▸ **Problem details**:
Word for word and without images, reproduce the listing that follows.

▸ **Recorded data**:
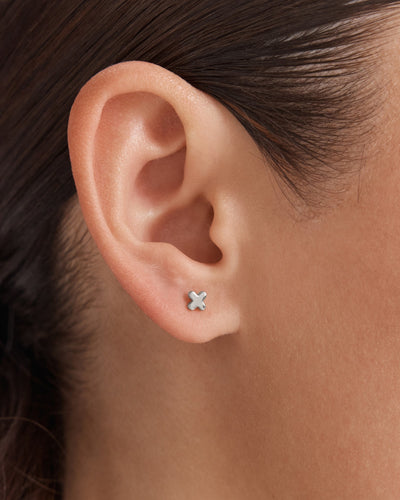Cubic Zirconia Stud Earrings Set - Silver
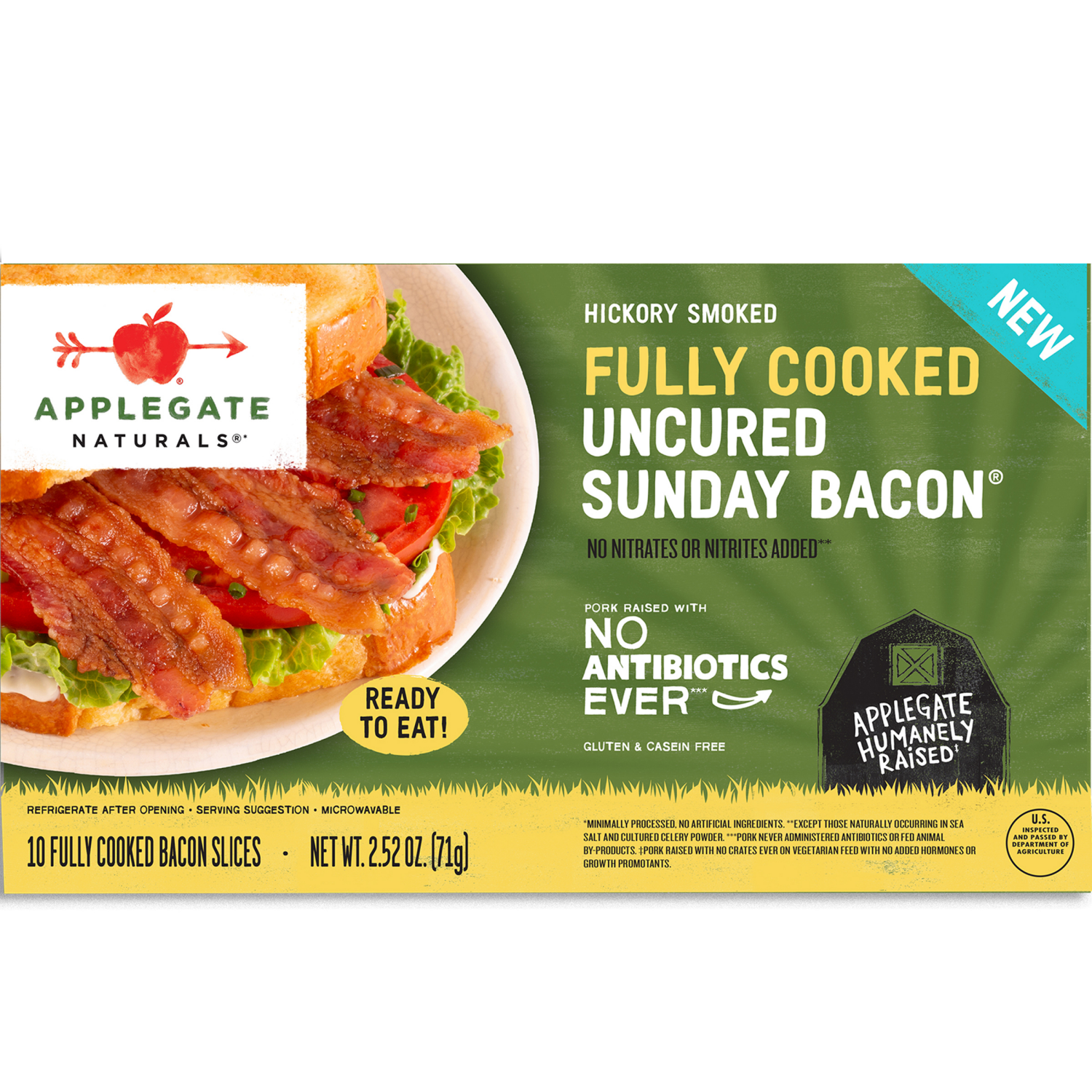 slide 1 of 6, Applegaten Applegate Farms Hickory Smoked Fully Cooked Uncured Sunday Bacon, 2.52 oz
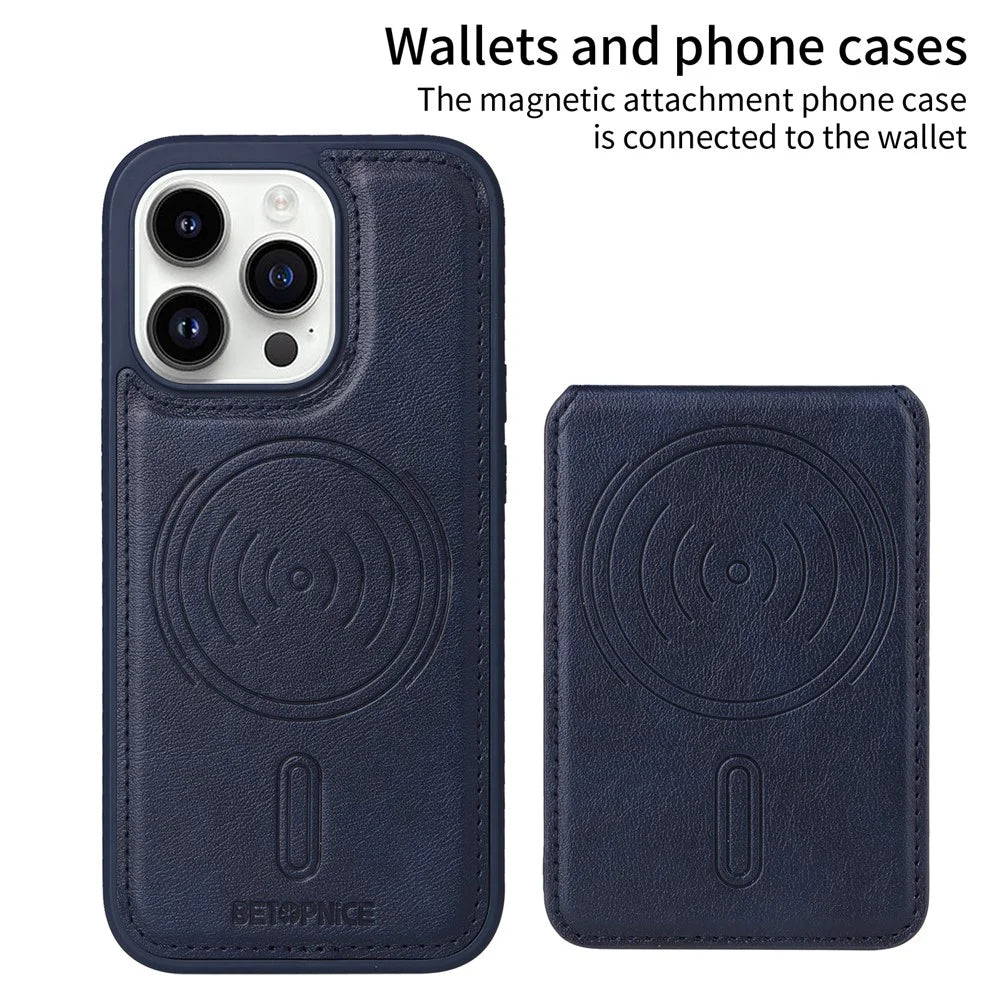 BETOPNICE For iPhone 14 Pro Magnetic Case  RFID Blocking Leather Phone Back Cover with Detachable Card Bag - Blue - 2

▸ **Response area**:
Cubic Zirconia Stud Earrings Set - Silver
 slide 1 of 6, Applegaten Applegate Farms Hickory Smoked Fully Cooked Uncured Sunday Bacon, 2.52 oz
 BETOPNICE For iPhone 14 Pro Magnetic Case  RFID Blocking Leather Phone Back Cover with Detachable Card Bag - Blue - 2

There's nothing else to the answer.